Provided material: Begin
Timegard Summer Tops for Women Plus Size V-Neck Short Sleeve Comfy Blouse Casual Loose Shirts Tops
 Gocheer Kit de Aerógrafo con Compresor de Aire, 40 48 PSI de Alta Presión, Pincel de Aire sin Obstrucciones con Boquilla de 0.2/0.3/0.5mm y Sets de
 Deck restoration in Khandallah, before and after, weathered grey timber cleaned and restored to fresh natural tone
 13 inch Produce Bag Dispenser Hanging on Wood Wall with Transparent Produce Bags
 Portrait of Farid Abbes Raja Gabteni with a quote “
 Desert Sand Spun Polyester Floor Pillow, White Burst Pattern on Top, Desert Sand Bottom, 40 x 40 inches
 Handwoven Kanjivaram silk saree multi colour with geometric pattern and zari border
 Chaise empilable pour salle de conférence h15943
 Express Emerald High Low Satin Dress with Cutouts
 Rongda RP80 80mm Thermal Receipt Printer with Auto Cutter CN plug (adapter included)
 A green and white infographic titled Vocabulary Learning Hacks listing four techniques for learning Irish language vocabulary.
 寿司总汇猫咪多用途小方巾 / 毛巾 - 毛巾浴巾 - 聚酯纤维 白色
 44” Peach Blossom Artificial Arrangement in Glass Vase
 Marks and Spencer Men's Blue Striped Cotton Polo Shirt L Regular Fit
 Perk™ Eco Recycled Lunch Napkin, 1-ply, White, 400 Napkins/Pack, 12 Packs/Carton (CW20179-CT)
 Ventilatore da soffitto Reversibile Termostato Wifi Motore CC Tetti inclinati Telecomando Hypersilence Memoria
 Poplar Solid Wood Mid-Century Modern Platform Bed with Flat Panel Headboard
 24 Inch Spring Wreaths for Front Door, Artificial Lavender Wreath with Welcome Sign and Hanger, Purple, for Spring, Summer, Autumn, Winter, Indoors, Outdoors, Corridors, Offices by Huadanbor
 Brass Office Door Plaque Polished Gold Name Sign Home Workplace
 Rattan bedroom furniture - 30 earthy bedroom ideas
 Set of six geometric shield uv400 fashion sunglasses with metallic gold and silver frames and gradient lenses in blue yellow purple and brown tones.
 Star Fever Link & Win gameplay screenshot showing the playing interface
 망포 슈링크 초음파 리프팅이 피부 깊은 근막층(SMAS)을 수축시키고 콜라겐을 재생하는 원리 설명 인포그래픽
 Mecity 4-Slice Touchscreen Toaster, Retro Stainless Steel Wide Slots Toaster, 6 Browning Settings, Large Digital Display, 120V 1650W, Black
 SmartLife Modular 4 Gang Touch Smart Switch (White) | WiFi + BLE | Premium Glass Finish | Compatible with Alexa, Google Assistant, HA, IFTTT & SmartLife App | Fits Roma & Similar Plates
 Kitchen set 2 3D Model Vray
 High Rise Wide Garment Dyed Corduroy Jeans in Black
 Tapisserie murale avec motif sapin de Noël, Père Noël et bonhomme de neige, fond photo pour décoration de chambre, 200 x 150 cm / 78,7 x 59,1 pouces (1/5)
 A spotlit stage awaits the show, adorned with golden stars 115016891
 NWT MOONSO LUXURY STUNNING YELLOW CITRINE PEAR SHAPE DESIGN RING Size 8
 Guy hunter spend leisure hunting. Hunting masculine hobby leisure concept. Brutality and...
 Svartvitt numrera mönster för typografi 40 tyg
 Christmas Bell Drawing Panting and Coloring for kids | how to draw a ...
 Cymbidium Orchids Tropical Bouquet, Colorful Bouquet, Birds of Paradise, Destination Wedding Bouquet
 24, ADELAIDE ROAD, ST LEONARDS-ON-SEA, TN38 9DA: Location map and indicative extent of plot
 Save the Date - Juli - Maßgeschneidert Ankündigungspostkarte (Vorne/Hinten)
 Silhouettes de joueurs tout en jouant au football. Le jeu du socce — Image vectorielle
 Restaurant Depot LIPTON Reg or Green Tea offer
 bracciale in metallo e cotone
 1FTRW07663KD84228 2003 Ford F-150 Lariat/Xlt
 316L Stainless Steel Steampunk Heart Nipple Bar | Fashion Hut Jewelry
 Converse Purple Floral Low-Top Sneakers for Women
Provided material: End
- Instructions to follow: Reproduce exactly the lines above from the line with "Chaise empilable pour" to the line with "Rattan bedroom furniture", including both, and add nothing.

- Answer:
 Chaise empilable pour salle de conférence h15943
 Express Emerald High Low Satin Dress with Cutouts
 Rongda RP80 80mm Thermal Receipt Printer with Auto Cutter CN plug (adapter included)
 A green and white infographic titled Vocabulary Learning Hacks listing four techniques for learning Irish language vocabulary.
 寿司总汇猫咪多用途小方巾 / 毛巾 - 毛巾浴巾 - 聚酯纤维 白色
 44” Peach Blossom Artificial Arrangement in Glass Vase
 Marks and Spencer Men's Blue Striped Cotton Polo Shirt L Regular Fit
 Perk™ Eco Recycled Lunch Napkin, 1-ply, White, 400 Napkins/Pack, 12 Packs/Carton (CW20179-CT)
 Ventilatore da soffitto Reversibile Termostato Wifi Motore CC Tetti inclinati Telecomando Hypersilence Memoria
 Poplar Solid Wood Mid-Century Modern Platform Bed with Flat Panel Headboard
 24 Inch Spring Wreaths for Front Door, Artificial Lavender Wreath with Welcome Sign and Hanger, Purple, for Spring, Summer, Autumn, Winter, Indoors, Outdoors, Corridors, Offices by Huadanbor
 Brass Office Door Plaque Polished Gold Name Sign Home Workplace
 Rattan bedroom furniture - 30 earthy bedroom ideas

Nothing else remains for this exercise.